According to Georges Armaos of Gagosian New York, who helped to coordinate the exhibition, the space closely resembles Kiefer’s warehouses in Croissy-Beaubourg. “My studio is a little bit higher and a little bit bigger!” Kiefer laughed.
Anselm Kiefer, installation view of “For Louis-Ferdinand Céline: Voyage au bout de la nuit,” Copenhagen Contemporary 2016. Photo by Anders Sune Berg, courtesy of Copenhagen Contemporary.
The exhibition takes its title, “Voyage au bout de la nuit,” from the controversial French writer Louis-Ferdinand Céline’s 1932 novel of the same name.
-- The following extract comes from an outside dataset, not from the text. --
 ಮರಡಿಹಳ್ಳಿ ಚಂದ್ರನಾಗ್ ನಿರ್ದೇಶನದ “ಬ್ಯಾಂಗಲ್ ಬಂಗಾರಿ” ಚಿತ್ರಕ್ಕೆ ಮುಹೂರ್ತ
The book—which follows its protagonist Bardamu through his personal accounts of World War I, colonialism in Africa, and a Ford factory in Detroit—has influenced many artists, especially the male icons of modernist and existentialist writing, like Beckett, Barthes, and Bukowski.
“It’s one of the most astonishing books of the 20th century, but he was an asshole, yes,” Kiefer said, with trenchant humor that is not always obvious in his work. Indeed Céline’s legacy has been tainted by his anti-Semitic writing and support of the Axis powers during World War II.
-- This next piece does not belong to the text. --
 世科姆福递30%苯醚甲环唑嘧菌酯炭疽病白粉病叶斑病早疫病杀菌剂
After Kiefer’s appearance at the Venice Biennale in 1980, the artist was himself accused of neo-Nazism. So why reference someone like Céline now? “He was a horrible man, but a great writer,” said Kiefer. “You have to separate, you know. There can be bad characters who are great writers, or good artists, it happens.”
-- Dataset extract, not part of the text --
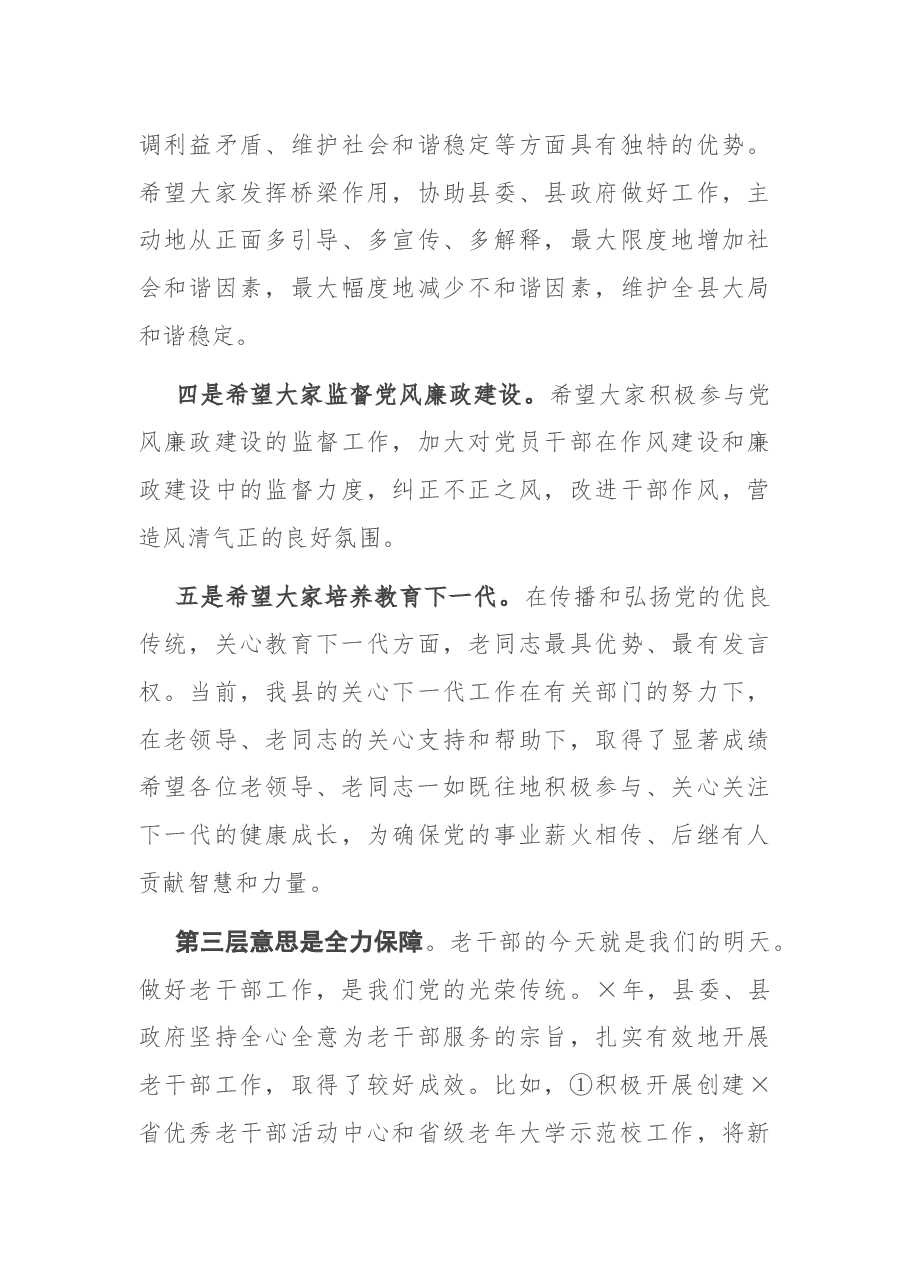 在离退休老干部迎新春座谈会上的讲话.docx,第4页预览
The book is what matters, Kiefer insists. Voyage au bout de la nuit, he said, “was nihilistic, but not in a negative way. He created an anti-world.”
War and humanity’s destitution have been at the center of Kiefer’s work for five decades. One can only imagine the artist has been ruminating on our current world, with mounting tensions in North Korea, talk of a second Cold War, and right-wing populism sweeping through the West.
“When I started to work in the 1960s, I said 1945 is not the beginning of a new time,” he explained. “I said all the morass is still there, it’s covered with a thin layer of democracy, but it’s still there. It can go up anytime. And now we live in a time that’s very dangerous. We have horrible things happening, because mankind is wrongly constructed.”
Anselm Kiefer, installation view of “For Louis-Ferdinand Céline: Voyage au bout de la nuit,” Copenhagen Contemporary 2016. Photo by Anders Sune Berg, courtesy of Copenhagen Contemporary.
Art certainly can’t redeem the world, but Kiefer believes it has a role to play in helping us find a way to go on. “I don’t think there’s no hope,” Kiefer said. “You have to create hope, otherwise you cannot live.”
In Remembering the Future, a documentary film about the artist and his work, Kiefer says, “We don’t know why we are here, we don’t know where we go... it’s quite desperate. We have an intellect to find out and we cannot.”
It is what the French writer Albert Camus referred to as absurdism: the confrontation with our own inability to discover the true meaning of life, and our impulse to create in the face of it.
And despite having a somewhat diabolical outlook on the world, Kiefer has never stopped creating. “I work because I want to be surprised about myself,” he said. “Every day I do something that I didn’t expect.”